The region’s six biggest monetary authorities, which oversee economies accounting for almost a third of global output, haven’t signaled a desire to fall in line with their Western counterparts to raise borrowing costs just yet.
Few expect the Bank of Japan to significantly change its massive bond buying program anytime soon. China’s authorities remain in supportive mode, even as they curb a lending binge. India is tipped to ease again, as growth sags and inflation slows to record lows, while South Korea, Indonesia and Australia are firmly on hold. Vietnam made a surprise cut last week.
Hours after Canada tightened policy for the first time in seven years, the Bank of Korea held rates steady and made it clear they are in no rush to raise borrowing costs. Bank Negara Malaysia also held its benchmark interest rate Thursday and gave few signs of a need to tighten.
"We’ve not seen a single central bank in Asia signal outright tightening," Frederic Neumann, co-head of Asian economic research at HSBC Holdings Plc in Hong Kong, told David Ingles on Bloomberg Radio.
The dovish outlook could change quickly, of course. The global economy’s strongest synchronized upswing since 2010 has seen Asian exports growing at the fastest pace in six years. The International Monetary Fund projects growth of 5.5 percent, the world’s strongest, for Asia-Pacific this year.
"A synchronized global recovery is improving Asia’s growth prospects and will prompt the region’s central banks to begin normalizing policy," said Chua Hak Bin, a Singapore-based senior economist with Maybank Kim Eng Research. "Policy divergence will slowly morph into policy synchronization."
Candidates to tighten could include the Philippines and Singapore, with potential for Indonesia to follow.
Still, a return to the days of moving in tandem with the Federal Reserve appear to be far away.

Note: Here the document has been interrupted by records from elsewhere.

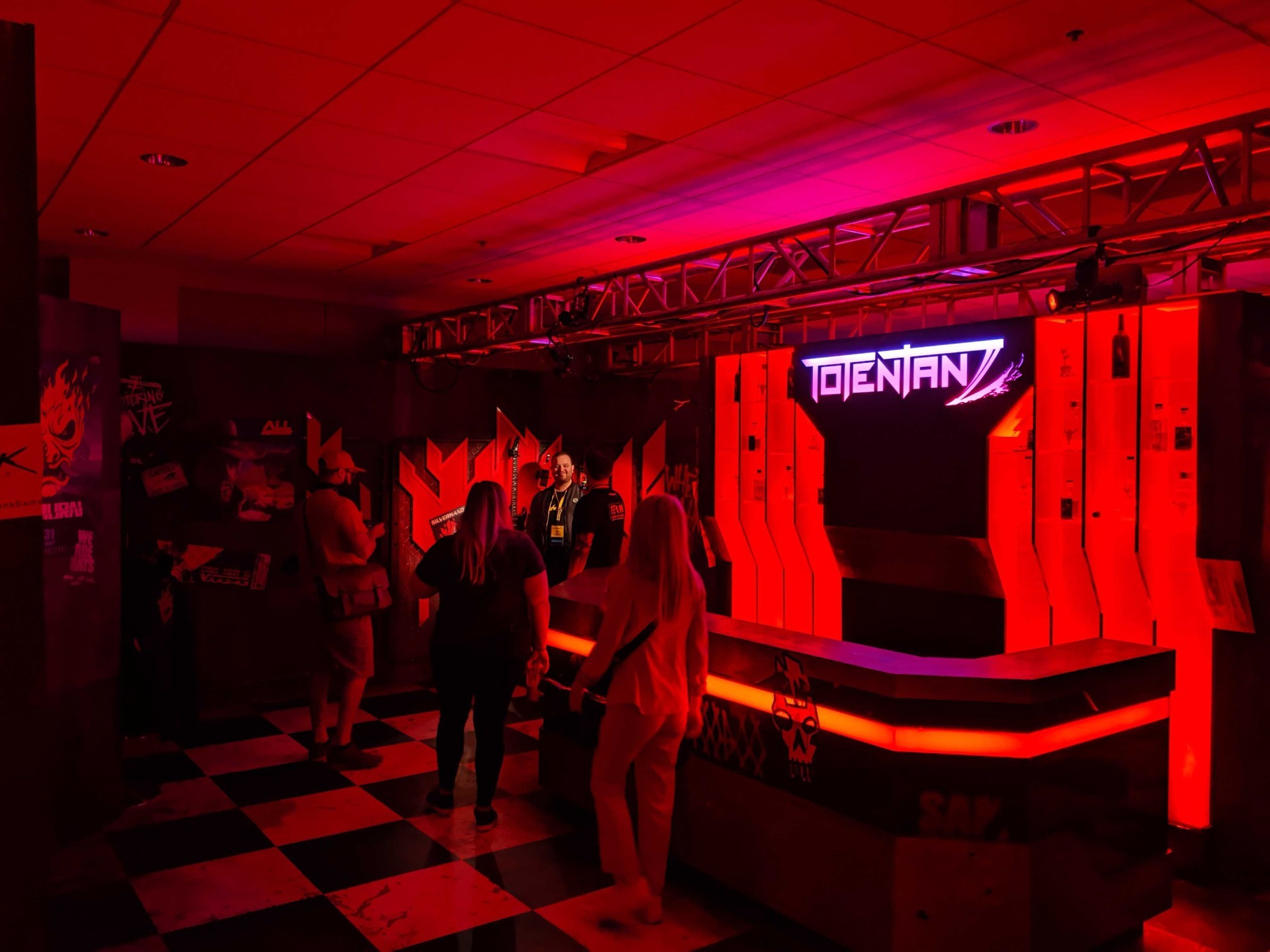 《赛博朋克2077》E3展台现场图 夜店酒吧酷炫无比
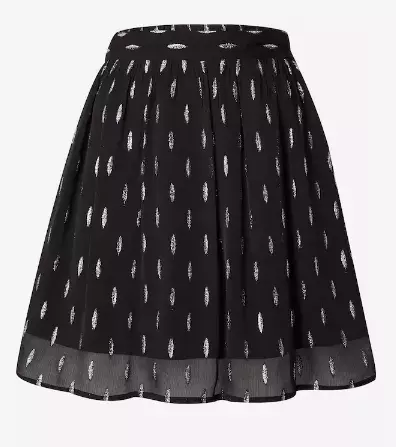 50 a mini? Proč ne! M​ódní inspirace od žen nad 50 let o tom, jak nosit mini sukně s grácií 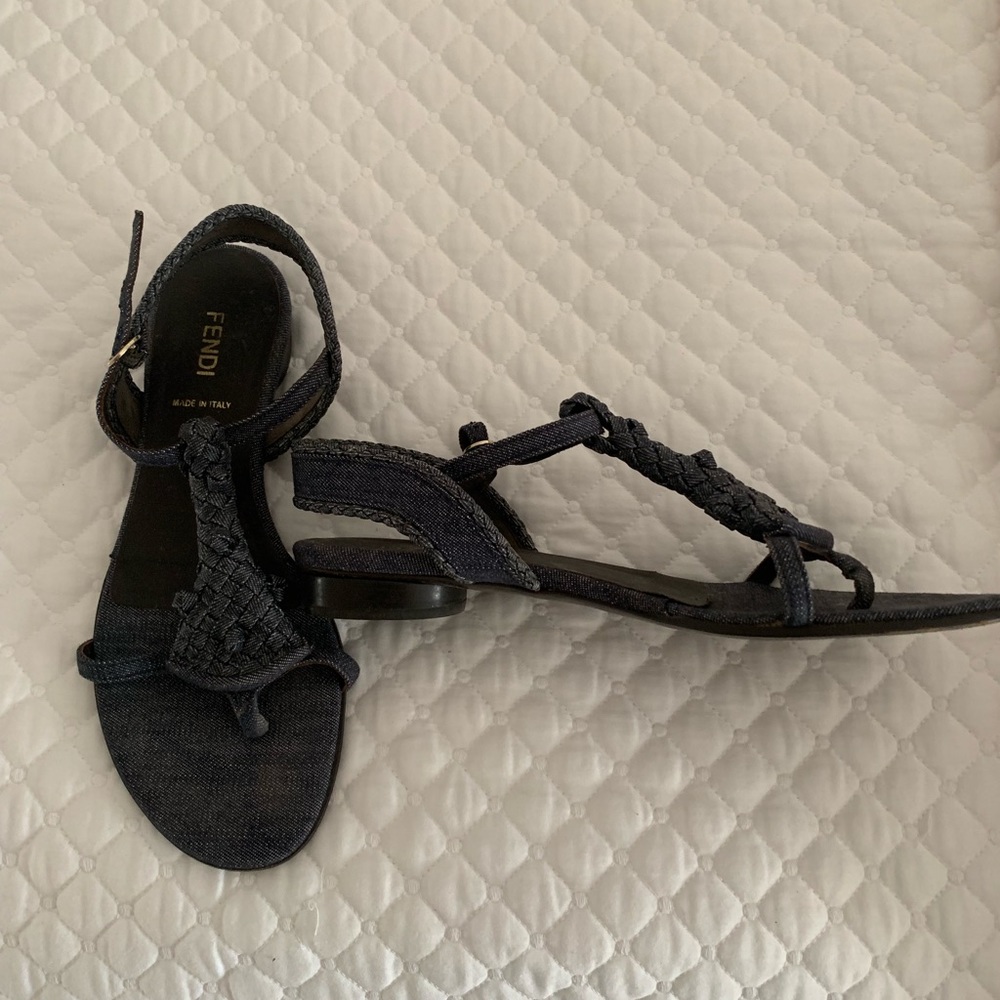 Fendi T strap sandal size 37 tops like new navy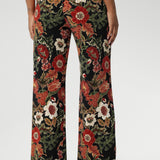 Our best selling Monroe Pant is made from our luxe jersey base that drapes beautifully and feels comfortable to wear all day. Available in sizes 8 to 24 and offered in three different pant lengths, there's a perfect fit for every woman.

While Janet Yellen has pulled the trigger four times since 2015, her Asian counterparts haven’t responded. Contained wage costs and subdued commodity prices are keeping a lid on inflation in much of Asia. Signs of a breakout in China’s factory prices--once tipped to revive global inflation--are fading.
"They won’t be front-runners right after the Fed," Alicia Garcia Herrero, chief Asia-Pacific economist at Natixis SA in Hong Kong, told Bloomberg Television’s Yvonne Man.
Stronger currencies and soaring debt are other reasons why Asia’s central banks are cautious about lifting interest rates. China’s total debt pile has climbed to 260 percent of the economy’s size from 160 percent in 2008. Japan’s borrowing is more than twice the size of gross domestic product and household leverage in South Korea and Australia is at records.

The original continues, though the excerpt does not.